David Salisbury, the Department of Health’s director of immunisation, said it was unfortunate that nurses could “knowingly leave themselves at risk” of contracting the illness.
“They have a duty to themselves, they are at risk. They have a duty to their patients not to infect their patients and they have a duty to their families. I think you solve those responsibilities by being vaccinated,” he said.
He added: “The evidence that we’ve had is sufficient to persuade the regulators that these are vaccines that will be licensed.”
Professor Salisbury’s comments follow a warning from Sir Liam Donaldson, the Chief Medical Officer for England, that swine flu could leave up to 12 per cent of the NHS workforce on sick leave at any one time.
Low vaccination rates among NHS staff have previously been blamed for causing disruption to services and illness among patients during typical winter flu seasons.
Transmission by staff of contagious viruses was blamed for some hospital outbreaks of flu last winter, when fewer than one in seven NHS staff received the annual flu vaccine, while shortages of workers also put pressure on accident and emergency departments.
Reported cases of swine flu this summer have already surpassed the levels typically seen during a winter flu season, and the figures are expected to surge in the coming months.
George Kassianos, the immunisation spokesman for the Royal College of GPs, said: “More than any other year, this year it is extremely improtant that people get vaccinated against flu. It is very important that nurses, doctors and healthcare workers do not get influenza themselves and have to go off sick, and also that we do not give it to our patients.
“We are lucky that we will have enough doses of this vaccine in Britain, and we as health professionals need to put it in our own arms first to better protect our patients.”
Dr Kassianos added that it was understandable that people were unsure about having a new vaccine, “but its ingredients and the way it's being manufactured are almost exactly the same as the annual flu vaccine. I see no reason why this vaccine should be any different to the flu vaccines of the past. People’s confidence should rise as the programme gets under way.”
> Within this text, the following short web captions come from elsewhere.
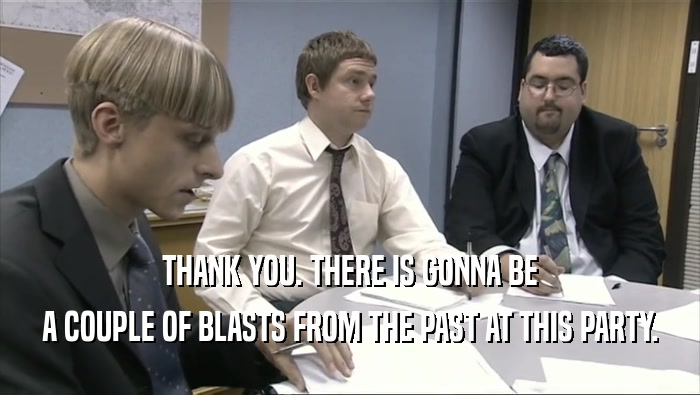 THANK YOU. THERE IS GONNA BE A COUPLE OF BLASTS FROM THE PAST AT THIS PARTY. 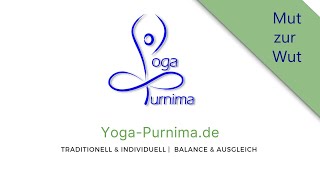 Mut zur Wut  ein spannendes Thema und ein einfacher Weg mit einer Yoga Übung Wut rauszulassen [upl. by Anais936]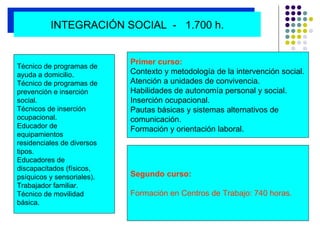 Primer curso: Contexto y metodología de la intervención social. Atención a unidades de convivencia. Habilidades de autonomía personal y social. Inserción ocupacional. Pautas básicas y sistemas alternativos de  comunicación. Formación y orientación laboral. Segundo curso: Formación en Centros de Trabajo: 740 horas.   Técnico de programas de  ayuda a domicilio. Técnico de programas de  prevención e inserción social. Técnicos de inserción  ocupacional. Educador de  equipamientos  residenciales de diversos tipos.  Educadores de  discapacitados (físicos,  psíquicos y sensoriales). Trabajador familiar. Técnico de movilidad  básica. INTEGRACIÓN SOCIAL  -  1.700 h. 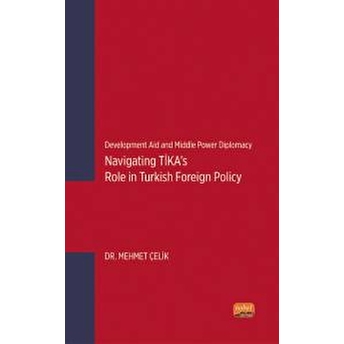 Development Aid And Middle Power Diplomacy: Navigating Tika’s Role In Turkish Foreign Policy Mehmet Çelik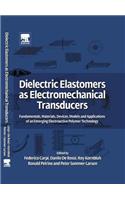 Dielectric Elastomers as Electromechanical Transducers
Should it not be a condition of them coming to work in the hospital that they are fully vaccinated when a vaccine is available? Does it not put the many sick and vulnerable people in a hospital at even greater risk, let alone the staff themselves?

DrIndy

hospital staff have needle phobias too.

I think this is a part of it.

nesf

Would anyone else agree that it's a rather large assumption to be saying that the second swine flu victim had no underlying medical issues when there was no post mortem carried out (I'm not suggesting that there should have been).

The_Conductor

nesf wrote: »

Would anyone else agree that it's a rather large assumption to be saying that the second swine flu victim had no underlying medical issues when there was no post mortem carried out (I'm not suggesting that there should have been).
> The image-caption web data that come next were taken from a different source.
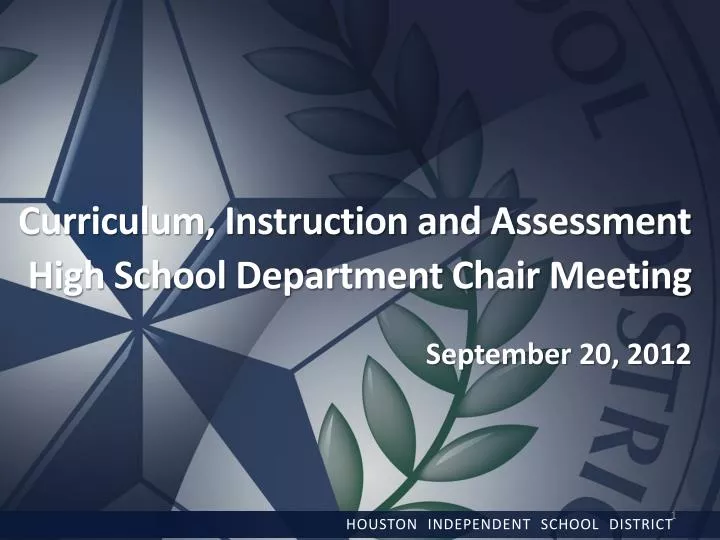 PPT Curriculum, Instruction and Assessment High School Department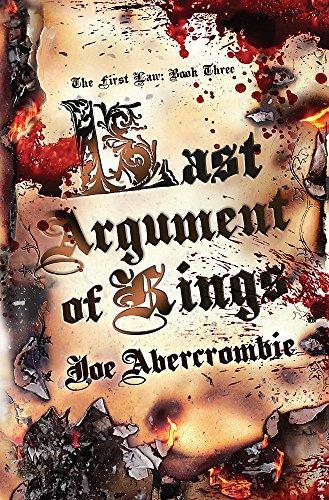 Joe Abercrombie, Empty Author: Last argument of kings (2008, Orion Publishing Group, Limited)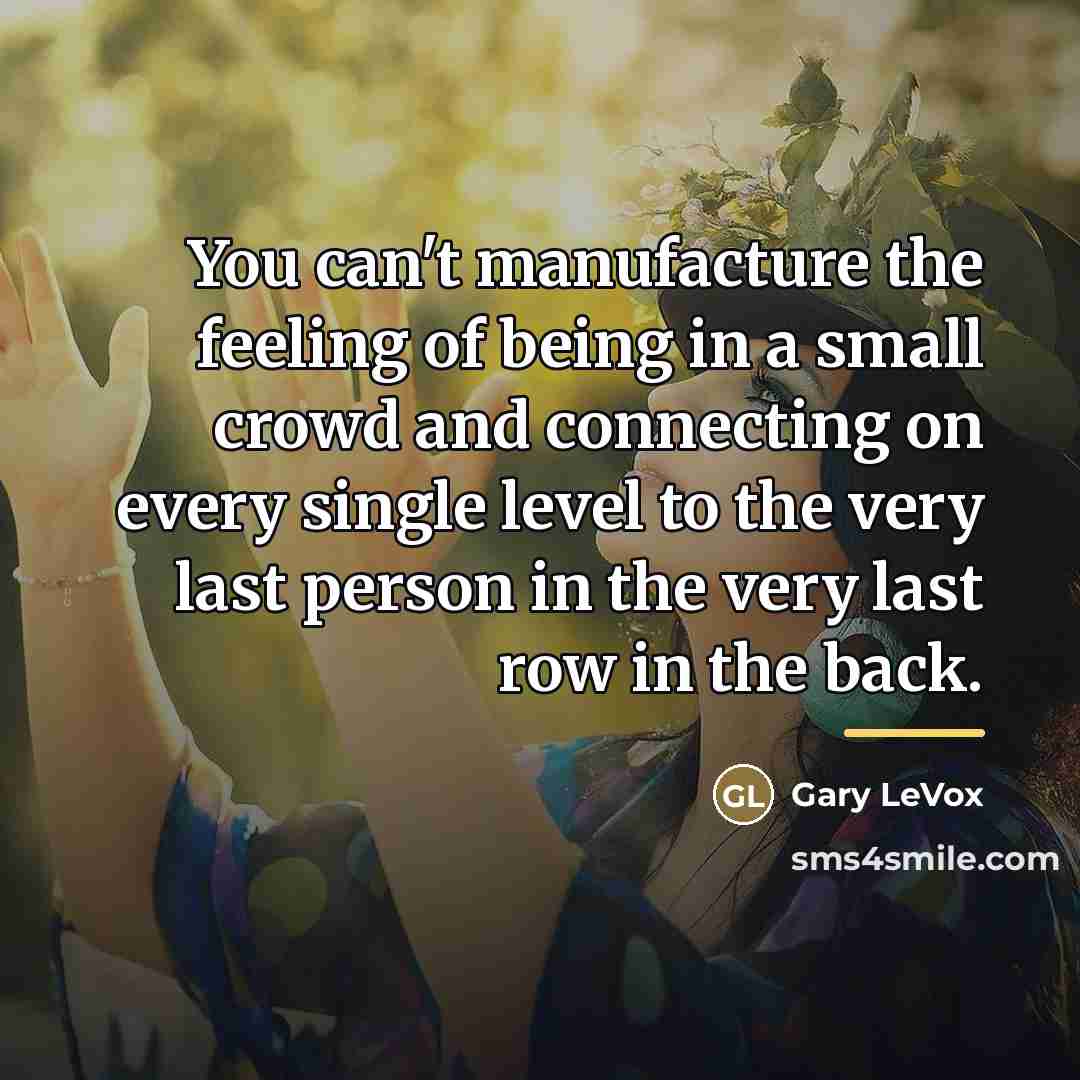 “You can't manufacture the feeling of being in a small…” quote by Gary LeVox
There was a post mortem carried out this afternoon. The results have not been released to the public domain, and most probably won't be for some time (until other information relevant to the case has been anonymised as more cases enter the stats.

tallaght01

The question is no that relevant. About 20% of deaths are in people with no underlying health probs. About 2/3 deaths globally (probably more in developed countries) from swine flu are in people with underlying health probs.

Ireland will be similar, unless the vaccine has a decent uptake.
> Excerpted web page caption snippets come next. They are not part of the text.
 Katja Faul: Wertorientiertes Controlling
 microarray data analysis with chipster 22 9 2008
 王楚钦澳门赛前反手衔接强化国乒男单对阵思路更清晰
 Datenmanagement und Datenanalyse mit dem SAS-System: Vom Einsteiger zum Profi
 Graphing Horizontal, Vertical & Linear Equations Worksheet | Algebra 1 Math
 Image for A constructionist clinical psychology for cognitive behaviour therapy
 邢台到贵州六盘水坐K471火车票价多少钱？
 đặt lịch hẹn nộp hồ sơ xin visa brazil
Regarding, the study on nurses and vaccination....that's what lots of countries have been finding. I'd be amazed if even more than 20% of the nurses in that study knew a lot about swine flu. Most don't work with it.

I've been in hospital the last week, on a cardiac ward. I was talking to 2 of the nurses there about working on pandemic planning. They said I must find it very frustrating, as it's "just the flu".

Health professionals read the media too. And unfortunately, the influence of media madness is very far reaching. Much more so that we'd like to admit, I reckon.